(Short web captions)
--

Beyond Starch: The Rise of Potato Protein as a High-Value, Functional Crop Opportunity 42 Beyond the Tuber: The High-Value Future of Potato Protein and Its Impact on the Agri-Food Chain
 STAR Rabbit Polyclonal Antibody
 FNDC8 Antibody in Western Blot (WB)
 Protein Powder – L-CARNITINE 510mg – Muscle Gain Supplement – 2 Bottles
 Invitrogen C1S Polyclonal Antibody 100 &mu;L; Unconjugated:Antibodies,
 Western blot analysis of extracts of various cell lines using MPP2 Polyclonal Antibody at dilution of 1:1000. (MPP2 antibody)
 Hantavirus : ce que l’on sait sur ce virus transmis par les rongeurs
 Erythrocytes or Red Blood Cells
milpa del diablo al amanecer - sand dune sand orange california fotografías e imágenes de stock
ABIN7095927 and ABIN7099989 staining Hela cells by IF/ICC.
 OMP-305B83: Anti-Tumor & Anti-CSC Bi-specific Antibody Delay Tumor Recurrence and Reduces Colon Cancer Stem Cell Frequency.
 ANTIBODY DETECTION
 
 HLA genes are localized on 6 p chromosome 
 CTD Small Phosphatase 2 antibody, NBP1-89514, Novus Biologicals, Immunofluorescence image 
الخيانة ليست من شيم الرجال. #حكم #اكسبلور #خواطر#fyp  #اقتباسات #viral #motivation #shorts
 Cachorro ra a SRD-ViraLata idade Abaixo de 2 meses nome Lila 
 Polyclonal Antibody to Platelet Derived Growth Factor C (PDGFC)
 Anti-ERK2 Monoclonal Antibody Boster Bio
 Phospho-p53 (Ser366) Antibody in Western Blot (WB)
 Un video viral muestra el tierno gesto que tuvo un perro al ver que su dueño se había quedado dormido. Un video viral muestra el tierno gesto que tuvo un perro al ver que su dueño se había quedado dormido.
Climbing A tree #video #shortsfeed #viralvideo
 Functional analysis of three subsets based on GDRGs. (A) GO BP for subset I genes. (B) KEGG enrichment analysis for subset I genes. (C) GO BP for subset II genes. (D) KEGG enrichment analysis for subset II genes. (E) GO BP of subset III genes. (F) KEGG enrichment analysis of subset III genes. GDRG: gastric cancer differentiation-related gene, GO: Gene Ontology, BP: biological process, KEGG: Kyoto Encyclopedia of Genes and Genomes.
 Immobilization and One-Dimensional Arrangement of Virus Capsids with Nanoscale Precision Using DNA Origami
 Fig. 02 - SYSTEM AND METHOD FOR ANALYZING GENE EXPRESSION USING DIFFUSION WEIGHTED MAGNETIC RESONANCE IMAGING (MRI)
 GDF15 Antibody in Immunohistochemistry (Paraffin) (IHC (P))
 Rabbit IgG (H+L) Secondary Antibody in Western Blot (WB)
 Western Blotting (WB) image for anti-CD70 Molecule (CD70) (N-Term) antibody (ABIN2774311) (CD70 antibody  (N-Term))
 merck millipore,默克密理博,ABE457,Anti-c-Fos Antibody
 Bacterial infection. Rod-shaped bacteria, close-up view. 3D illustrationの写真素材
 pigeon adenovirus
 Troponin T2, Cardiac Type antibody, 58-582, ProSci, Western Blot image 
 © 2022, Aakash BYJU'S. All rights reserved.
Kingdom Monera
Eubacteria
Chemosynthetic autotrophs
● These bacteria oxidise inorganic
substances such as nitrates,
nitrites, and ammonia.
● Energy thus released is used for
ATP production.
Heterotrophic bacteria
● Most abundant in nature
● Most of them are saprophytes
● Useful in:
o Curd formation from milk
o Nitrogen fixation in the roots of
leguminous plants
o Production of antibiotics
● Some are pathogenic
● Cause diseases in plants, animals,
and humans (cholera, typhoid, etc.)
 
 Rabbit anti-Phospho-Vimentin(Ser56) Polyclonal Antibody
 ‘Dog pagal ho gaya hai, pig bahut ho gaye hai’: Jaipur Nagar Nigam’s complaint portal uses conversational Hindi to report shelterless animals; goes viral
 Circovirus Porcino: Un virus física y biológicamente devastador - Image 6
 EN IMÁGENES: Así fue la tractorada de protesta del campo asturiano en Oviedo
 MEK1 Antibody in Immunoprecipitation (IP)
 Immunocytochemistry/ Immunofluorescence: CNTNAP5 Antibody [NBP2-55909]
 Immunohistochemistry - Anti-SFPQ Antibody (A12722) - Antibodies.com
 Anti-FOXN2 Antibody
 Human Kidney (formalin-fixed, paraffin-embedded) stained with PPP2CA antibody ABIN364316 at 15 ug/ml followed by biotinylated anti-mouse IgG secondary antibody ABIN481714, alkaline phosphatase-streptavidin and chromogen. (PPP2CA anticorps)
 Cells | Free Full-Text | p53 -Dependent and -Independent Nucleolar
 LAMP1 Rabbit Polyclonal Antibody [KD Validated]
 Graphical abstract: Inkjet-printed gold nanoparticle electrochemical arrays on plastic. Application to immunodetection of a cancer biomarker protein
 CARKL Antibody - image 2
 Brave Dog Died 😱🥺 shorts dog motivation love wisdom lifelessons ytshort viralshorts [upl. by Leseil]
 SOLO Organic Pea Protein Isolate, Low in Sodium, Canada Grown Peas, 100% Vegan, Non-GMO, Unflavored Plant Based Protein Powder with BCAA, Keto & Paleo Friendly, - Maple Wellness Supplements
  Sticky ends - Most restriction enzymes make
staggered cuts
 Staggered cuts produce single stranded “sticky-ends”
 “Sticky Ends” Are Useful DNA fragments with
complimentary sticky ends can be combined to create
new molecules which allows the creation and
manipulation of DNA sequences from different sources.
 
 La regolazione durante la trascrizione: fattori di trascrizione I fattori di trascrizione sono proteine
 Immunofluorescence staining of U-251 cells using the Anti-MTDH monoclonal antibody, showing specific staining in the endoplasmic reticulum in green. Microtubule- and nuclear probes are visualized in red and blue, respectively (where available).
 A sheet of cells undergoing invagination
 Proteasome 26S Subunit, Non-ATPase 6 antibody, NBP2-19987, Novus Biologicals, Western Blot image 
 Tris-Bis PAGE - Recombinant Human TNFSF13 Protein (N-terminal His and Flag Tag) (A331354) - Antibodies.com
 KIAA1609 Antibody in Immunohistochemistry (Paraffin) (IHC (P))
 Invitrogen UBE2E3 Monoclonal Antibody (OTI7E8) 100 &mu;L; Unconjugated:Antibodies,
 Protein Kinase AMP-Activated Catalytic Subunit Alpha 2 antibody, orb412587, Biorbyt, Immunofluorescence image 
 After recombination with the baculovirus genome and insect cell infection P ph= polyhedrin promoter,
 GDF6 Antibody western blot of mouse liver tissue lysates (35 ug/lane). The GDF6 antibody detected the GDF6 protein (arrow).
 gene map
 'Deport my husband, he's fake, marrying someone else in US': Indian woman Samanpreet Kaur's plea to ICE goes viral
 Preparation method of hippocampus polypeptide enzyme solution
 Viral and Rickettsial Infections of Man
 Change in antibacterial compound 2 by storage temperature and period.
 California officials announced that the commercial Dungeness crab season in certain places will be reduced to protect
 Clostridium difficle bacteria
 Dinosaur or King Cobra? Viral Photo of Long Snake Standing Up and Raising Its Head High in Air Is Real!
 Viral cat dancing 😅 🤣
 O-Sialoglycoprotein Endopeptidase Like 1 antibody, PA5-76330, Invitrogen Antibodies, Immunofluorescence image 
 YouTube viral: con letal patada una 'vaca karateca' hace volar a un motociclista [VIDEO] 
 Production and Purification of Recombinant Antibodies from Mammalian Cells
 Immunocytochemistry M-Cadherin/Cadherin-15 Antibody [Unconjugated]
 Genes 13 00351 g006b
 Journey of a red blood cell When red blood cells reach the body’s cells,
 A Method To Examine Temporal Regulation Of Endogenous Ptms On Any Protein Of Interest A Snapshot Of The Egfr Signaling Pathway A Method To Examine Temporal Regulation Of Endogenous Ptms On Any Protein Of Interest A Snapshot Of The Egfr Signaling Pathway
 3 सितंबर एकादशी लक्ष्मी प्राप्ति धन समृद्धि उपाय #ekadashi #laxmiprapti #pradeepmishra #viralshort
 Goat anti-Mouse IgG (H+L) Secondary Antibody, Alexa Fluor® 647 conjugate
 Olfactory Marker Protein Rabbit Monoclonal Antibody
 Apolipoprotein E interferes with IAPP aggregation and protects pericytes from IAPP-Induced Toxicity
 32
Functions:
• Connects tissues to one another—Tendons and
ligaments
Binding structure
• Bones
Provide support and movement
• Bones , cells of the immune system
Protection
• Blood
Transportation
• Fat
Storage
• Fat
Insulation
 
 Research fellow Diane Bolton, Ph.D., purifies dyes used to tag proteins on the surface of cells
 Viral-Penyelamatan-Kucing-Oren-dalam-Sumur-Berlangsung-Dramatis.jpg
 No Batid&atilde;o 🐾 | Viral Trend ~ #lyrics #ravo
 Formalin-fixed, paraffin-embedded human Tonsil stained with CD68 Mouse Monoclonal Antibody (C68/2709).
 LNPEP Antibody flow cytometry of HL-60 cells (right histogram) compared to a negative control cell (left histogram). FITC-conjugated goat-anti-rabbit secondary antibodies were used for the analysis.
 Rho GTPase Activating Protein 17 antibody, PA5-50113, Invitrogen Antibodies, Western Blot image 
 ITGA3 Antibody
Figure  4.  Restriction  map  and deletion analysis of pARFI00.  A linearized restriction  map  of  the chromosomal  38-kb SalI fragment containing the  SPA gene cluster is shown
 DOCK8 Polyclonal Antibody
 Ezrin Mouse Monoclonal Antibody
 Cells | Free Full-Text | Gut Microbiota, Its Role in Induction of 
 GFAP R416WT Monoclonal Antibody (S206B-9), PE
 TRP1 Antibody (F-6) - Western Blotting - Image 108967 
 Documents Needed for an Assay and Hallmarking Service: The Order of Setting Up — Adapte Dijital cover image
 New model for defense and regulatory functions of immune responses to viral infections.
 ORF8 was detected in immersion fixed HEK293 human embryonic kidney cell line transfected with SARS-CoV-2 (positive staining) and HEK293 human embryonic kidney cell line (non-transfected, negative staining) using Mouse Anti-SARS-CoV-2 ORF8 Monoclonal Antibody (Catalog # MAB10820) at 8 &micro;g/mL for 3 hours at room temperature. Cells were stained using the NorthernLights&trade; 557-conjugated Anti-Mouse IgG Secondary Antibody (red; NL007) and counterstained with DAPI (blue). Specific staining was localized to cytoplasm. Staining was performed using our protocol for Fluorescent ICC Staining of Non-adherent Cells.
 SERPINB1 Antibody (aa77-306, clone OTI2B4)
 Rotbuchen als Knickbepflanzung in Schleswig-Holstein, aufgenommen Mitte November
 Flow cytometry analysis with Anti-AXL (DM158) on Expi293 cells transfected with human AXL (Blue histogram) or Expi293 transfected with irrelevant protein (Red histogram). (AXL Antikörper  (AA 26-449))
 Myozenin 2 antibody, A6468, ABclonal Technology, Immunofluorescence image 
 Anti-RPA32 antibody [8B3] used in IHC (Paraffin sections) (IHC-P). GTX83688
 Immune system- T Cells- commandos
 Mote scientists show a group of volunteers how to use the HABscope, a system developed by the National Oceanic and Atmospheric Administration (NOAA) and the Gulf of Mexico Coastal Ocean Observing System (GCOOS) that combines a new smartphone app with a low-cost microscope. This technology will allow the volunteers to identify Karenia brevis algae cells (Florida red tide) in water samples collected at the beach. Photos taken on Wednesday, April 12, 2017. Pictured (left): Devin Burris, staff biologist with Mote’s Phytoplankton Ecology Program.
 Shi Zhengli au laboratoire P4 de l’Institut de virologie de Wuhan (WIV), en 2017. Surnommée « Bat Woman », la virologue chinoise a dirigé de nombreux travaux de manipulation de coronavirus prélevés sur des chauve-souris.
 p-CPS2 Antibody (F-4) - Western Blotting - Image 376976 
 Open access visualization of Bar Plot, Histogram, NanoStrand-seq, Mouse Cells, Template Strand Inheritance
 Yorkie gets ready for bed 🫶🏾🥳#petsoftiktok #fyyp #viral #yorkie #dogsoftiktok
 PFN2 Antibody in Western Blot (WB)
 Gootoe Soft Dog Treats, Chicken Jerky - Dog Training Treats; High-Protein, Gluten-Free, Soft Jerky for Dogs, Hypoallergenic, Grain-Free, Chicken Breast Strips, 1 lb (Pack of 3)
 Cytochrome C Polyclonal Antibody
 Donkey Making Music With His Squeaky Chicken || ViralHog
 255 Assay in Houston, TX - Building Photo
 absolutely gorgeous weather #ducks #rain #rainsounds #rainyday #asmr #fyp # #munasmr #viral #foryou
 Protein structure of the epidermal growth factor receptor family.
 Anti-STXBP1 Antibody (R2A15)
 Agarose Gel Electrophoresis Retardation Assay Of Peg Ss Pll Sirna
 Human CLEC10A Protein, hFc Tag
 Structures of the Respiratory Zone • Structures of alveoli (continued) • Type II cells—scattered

--

## EXERCISE GOAL
Among the records above, extract exactly the lines from the line with "Human Kidney (formalin-fixed, paraffin-embedded)" to the line with "DNA fragments with", both lines included, and leave out the rest.

## COMPLETED EXERCISE
 Human Kidney (formalin-fixed, paraffin-embedded) stained with PPP2CA antibody ABIN364316 at 15 ug/ml followed by biotinylated anti-mouse IgG secondary antibody ABIN481714, alkaline phosphatase-streptavidin and chromogen. (PPP2CA anticorps)
 Cells | Free Full-Text | p53 -Dependent and -Independent Nucleolar
 LAMP1 Rabbit Polyclonal Antibody [KD Validated]
 Graphical abstract: Inkjet-printed gold nanoparticle electrochemical arrays on plastic. Application to immunodetection of a cancer biomarker protein
 CARKL Antibody - image 2
 Brave Dog Died 😱🥺 shorts dog motivation love wisdom lifelessons ytshort viralshorts [upl. by Leseil]
 SOLO Organic Pea Protein Isolate, Low in Sodium, Canada Grown Peas, 100% Vegan, Non-GMO, Unflavored Plant Based Protein Powder with BCAA, Keto & Paleo Friendly, - Maple Wellness Supplements
  Sticky ends - Most restriction enzymes make
staggered cuts
 Staggered cuts produce single stranded “sticky-ends”
 “Sticky Ends” Are Useful DNA fragments with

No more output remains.